A New England Traveler’s Guide to Asheville, North Carolina

This southern city comes alive in April with brewery crawls, hiking, and lots and lots of art.

Hiking in Asheville is always an adventure. / Photo via Explore Asheville

If you thought New Englanders loved craft beer and hiking, just wait until you set foot in Asheville. The bohemian city near North Carolina’s western border offers both in spades, which explains why young outdoorsy types have been visiting in growing numbers each year. Top it off with James Beard–nominated chefs, a flourishing arts district, and stylish new places to stay, and you have a very worthwhile escape from mud season in Boston.

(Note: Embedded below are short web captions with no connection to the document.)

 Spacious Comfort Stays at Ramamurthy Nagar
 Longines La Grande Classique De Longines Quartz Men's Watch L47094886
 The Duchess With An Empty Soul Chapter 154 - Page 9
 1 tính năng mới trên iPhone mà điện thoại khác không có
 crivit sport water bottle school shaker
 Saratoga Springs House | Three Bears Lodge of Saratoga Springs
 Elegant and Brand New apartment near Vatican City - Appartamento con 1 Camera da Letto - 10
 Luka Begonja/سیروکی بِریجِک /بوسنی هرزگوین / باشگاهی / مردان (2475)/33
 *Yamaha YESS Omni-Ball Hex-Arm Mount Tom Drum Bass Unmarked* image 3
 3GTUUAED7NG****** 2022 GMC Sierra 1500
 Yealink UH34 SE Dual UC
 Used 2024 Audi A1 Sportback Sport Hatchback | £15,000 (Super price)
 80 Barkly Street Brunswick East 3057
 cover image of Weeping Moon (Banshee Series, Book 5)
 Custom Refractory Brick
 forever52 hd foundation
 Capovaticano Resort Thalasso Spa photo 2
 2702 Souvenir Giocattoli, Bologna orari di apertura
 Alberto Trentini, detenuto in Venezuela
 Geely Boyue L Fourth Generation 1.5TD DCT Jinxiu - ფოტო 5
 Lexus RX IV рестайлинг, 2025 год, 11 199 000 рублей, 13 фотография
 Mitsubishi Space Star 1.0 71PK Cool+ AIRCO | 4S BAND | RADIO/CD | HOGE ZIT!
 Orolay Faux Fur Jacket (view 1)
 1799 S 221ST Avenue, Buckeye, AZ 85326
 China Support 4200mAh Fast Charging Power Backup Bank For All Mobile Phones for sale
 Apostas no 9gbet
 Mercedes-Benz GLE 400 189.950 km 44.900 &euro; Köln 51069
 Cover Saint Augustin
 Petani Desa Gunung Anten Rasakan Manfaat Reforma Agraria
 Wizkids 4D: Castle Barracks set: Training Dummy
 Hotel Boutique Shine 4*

Asheville, in a word, is hip. One of the major reasons it’s become so trendy is its buzzy drinking scene—you can’t make it more than a few blocks without finding a nifty place to grab a pint. Wicked Weed Brewing is a favorite, though you should also make it a point to stop at the brewery’s Funkatorium offshoot in the South Slope brewery district. While the taproom is dedicated to sours, you’ll also find IPAs with interesting tasting notes. Down the street, sample Kölsch, pilsners, pale ales, and more at Burial Beer Co.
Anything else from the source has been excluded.